• WHAT THE TASK ASKS: Using the data that follows, give again word for word the lines between the one holding "Alcoy, Spain - April" and the one holding "Brown Slate Mosaic around the bathtub area.", inclusive. Omit the pictures.

══ RECORDS PROVIDED ══

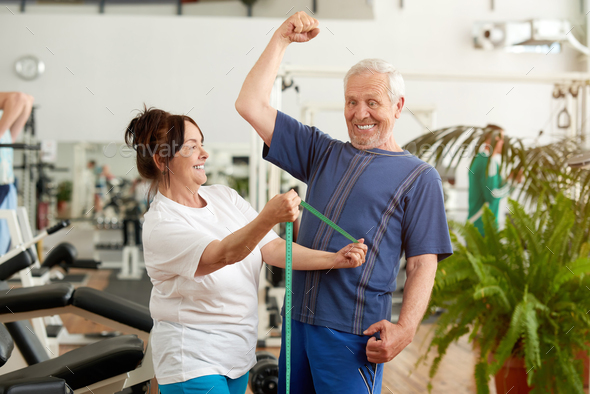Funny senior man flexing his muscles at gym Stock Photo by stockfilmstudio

═══
══ RECORDS PROVIDED ══

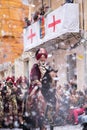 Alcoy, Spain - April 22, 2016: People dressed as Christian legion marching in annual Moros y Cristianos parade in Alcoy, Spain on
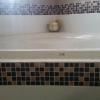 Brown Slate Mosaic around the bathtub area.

═══

• ANSWER TO THIS PROBLEM:
 Alcoy, Spain - April 22, 2016: People dressed as Christian legion marching in annual Moros y Cristianos parade in Alcoy, Spain on
 Brown Slate Mosaic around the bathtub area.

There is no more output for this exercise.